FWIW, I'll post a 1/3 octave pink noise response of my system in my room later on. Currently I have the NaO II set up since I have been experimenting on how to make it sound more like the Note and Note II.
I don't know . . . thus the question.
Regarding the room, I'd speculate that regardless overall absorption first reflections may favor the highs (look at the ceiling, and ceiling/wall corners). But I'm not suggesting that accounts for all, or even most, of it . . .
The fact that we are not sensitive to sound reflections below about 500 Hz means that there is little need for controlled directivity below that frequency. The directivity simply does not matter. Its fine if its narrower, like a dipole or a cardiod, but its effectiveness at those lower frequencies is not a major sound quality issue as it is at say 2 kHz where our auditory acuteness is extremely high.
Is the rising power response an issue? - well that's a different thing. Below the Schroeder frequency directivity and power response are all moot issues because its all modal anyways. Between say 200 Hz and 500 Hz is the rising power response an issue? I don't really know the answer to that one, but its such a small consideration in the big picture that I don't worry too much about it. I know of no psychoacoustics that could address this issue and no actual test data that is applicable either, other than we do not seem to have hearing that is very acute below 500 Hz. (not when compared to above that frequency).

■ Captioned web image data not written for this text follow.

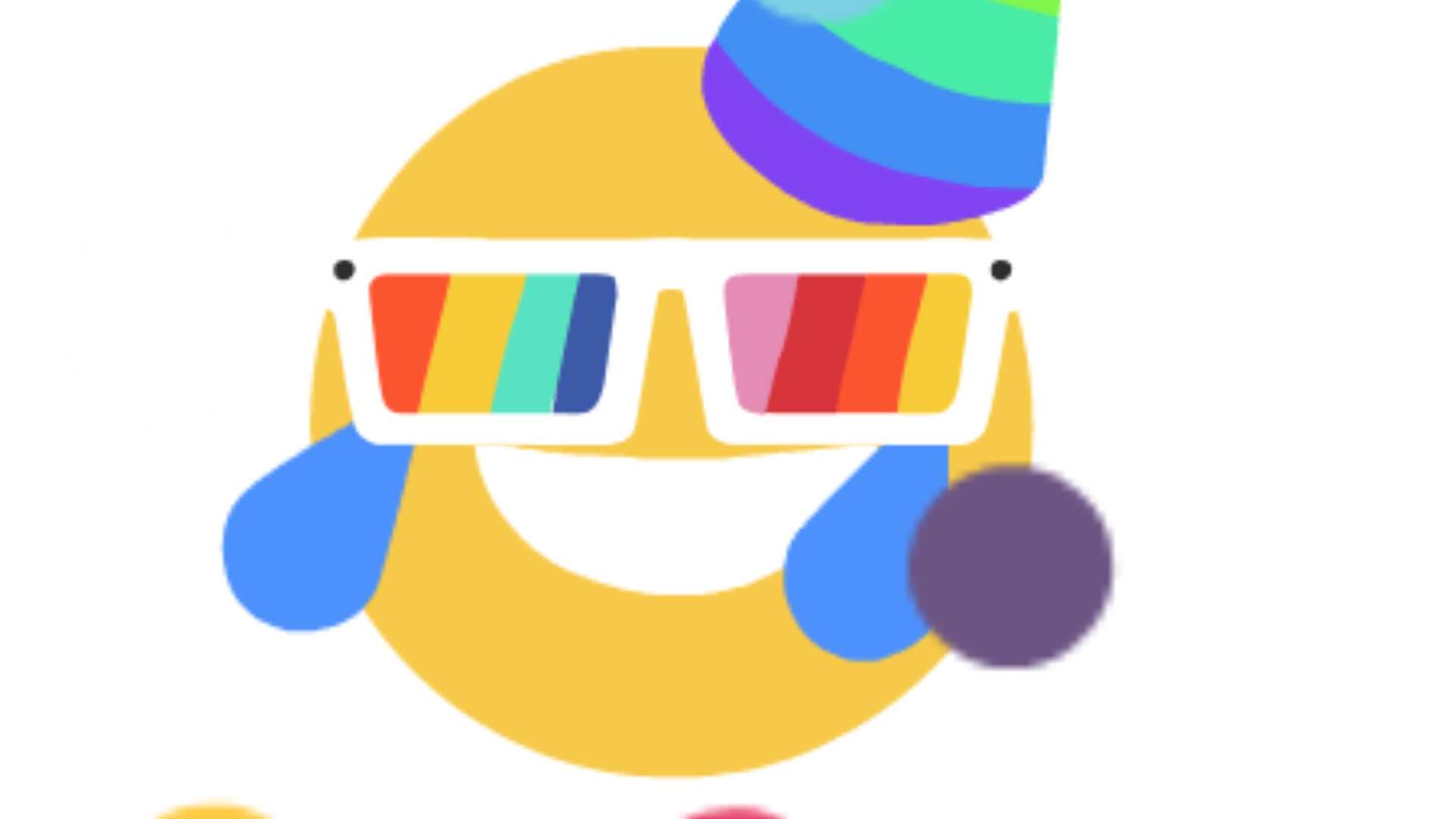 Я вернулся ура.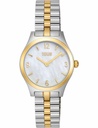 Reloj Tous Epic Icon SS/IPG Analógico Acero y Esfera Nácar 3000149200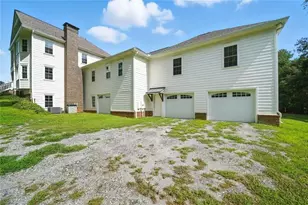 1092 Old Lathemtown Rd, Canton, GA 30115 - Photo 97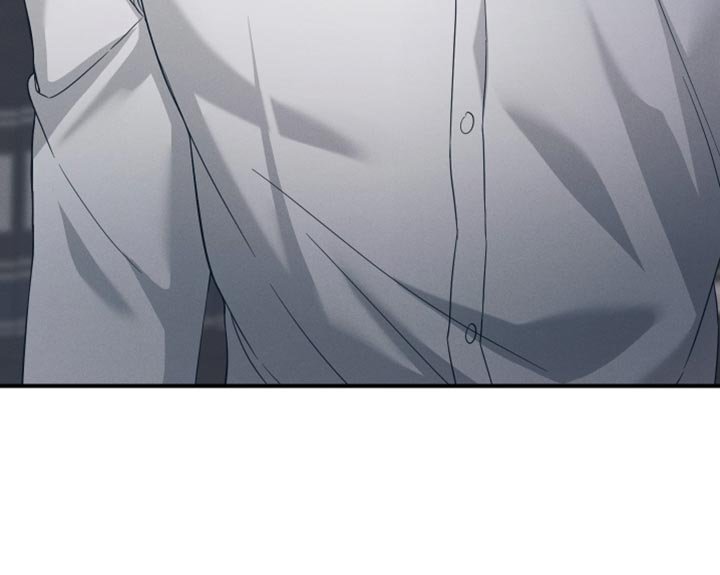 第27章：害怕我吗？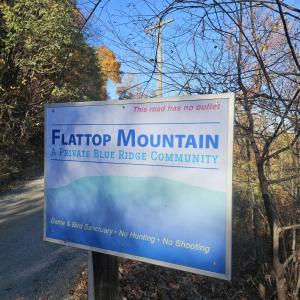 Photo #24 of TBD Lot 17 SPRING BRANCH LN, FREE UNION, VA 3.7 acres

I have done designs that use dipoles to get a narrower directivity in the 200 - 500 Hz range but they never seemed practical enough to build. As a product they would be a dog because the costs would skyrocket. There are rational practical priorities to everything I am afraid.
The trouble with the direct radiator is that the transition of its directivity is not subtle, it is quite pronounced. With a CD speaker it can be made subtle. The direct radiator in a shallow waveguide seems to be a good compromise as just about everyone who is doing this has found (to wit the Behringer referenced in this thread). It still lacks the dynamics and power handling of a compression driver but does yield some of the directivity improvements.
Yes, we're in general agreement here (our last posts seem to have overlapped). The overall polar response of the speaker can, however, have significant impact on what the room reflects. It's why I equalized the rear tweeter differently from the front (on my ORION), and probably why I so hated the ribbon tweeter in the MGIII (which I more or less successfully "tamed" only by hanging strips of fiberglass insulation over the back of the speaker).
I'm still not quite convinced that's all there is to it, though, especially for orchestral recordings (where common microphone placement favors the highs) . . .
Are we not sensitive to the frequency response variations that go hand in hand with those reflections? Do you have actual data showing this lack of sensitivity? I understand the commercial impracticality, but a one-off for actual testing of the hypothesis is a different kettle of fish.
Sorry for my persistence about this, but I'm more of a data-driven rationalist than most, and want to understand exactly what objective data you're working from.
It's all about marketing semantics. There is no such data you are asking for.
Anyone who has experienced a high directivity speaker in 100-1kHz range in a small room will appreciate the benefits of it over low directivity speaker.
The fact that gedlee is not doing it is he cannot sell it.